In a video interview with Mic, Nik Stewart explained that he built a small chute inside the machine that allows any object to hit a light flap, which hits a light beam at the bottom of the machine, alerting the system that an object has fallen through. He also included a timer inside the arcade cabinet. If the door to the small chute is left open long enough, the game is rigged to accept that as payment, too.
“What I look forward to the most is when new game developers take existing platforms, like an arcade cabinet or kind of like a retro style, and then take a radically different approach with it,” he said.

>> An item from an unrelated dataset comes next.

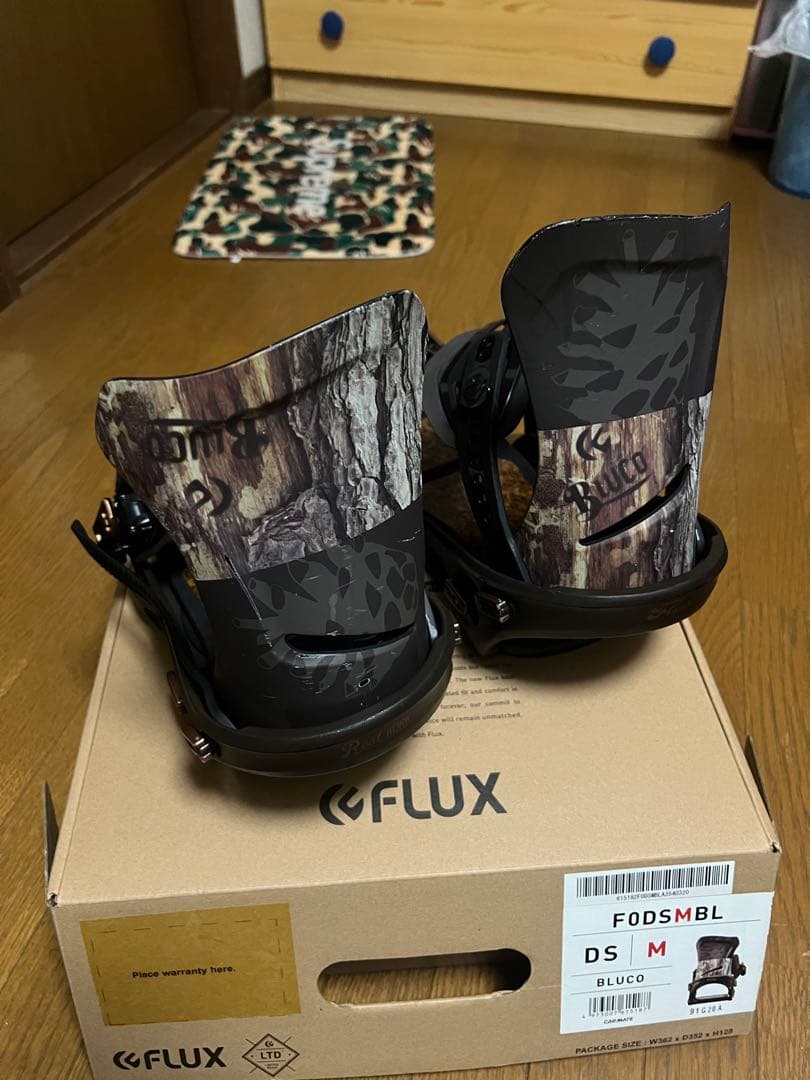 FLUX FODSMBL ビンディング Mサイズ カモフラージュLTD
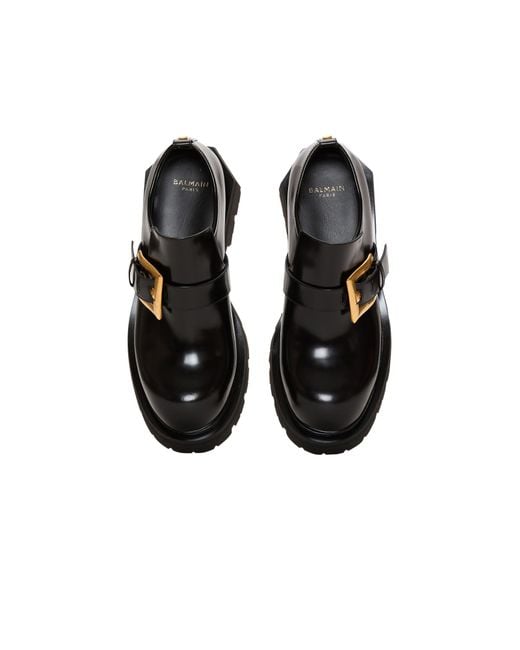 Balmain Black Anthem Loafers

Nik Stewart and his wife view the Spritebox as a sort of social experiment, using the “pay-anything” feature to get direct feedback from players. They wondered if players would want to express their thoughts on the game by inserting a note to game developers or drawing a picture. Or, would they try to subvert the creative possibilities and insert a piece of garbage?
On the surface, the Spritebox looks like a regular, cocktail-style arcade cabinet. The game has traditional arcade controls and a trackball, and two players face each other as they play a game projected on the monitor that sits between them.
Beyond its unique payment options, the Spritebox also offers more games than your typical arcade machine. It also includes a small computer so any game developer can create their own indie titles for the machine. It’s also wheelchair accessible.
The Spritebox is currently accessible to the public at Electric Perfume, a tech-focused art gallery in Toronto. It is part of the aptly named Curious Cabinets exhibit by the Hand Eye Society. Once the show ends, Nik and Megan hope to share their creation with even more players and add more games to the machine.
Further down the line, the Stewarts hope to make gaming accessible to even more people by combining newer technology with classic arcade-style hardware.
“Really accessible game design but also control systems, so devices that use brain waves,” Megan Stewart said. “It’s a really exciting time to make things that are truly universally accessible.”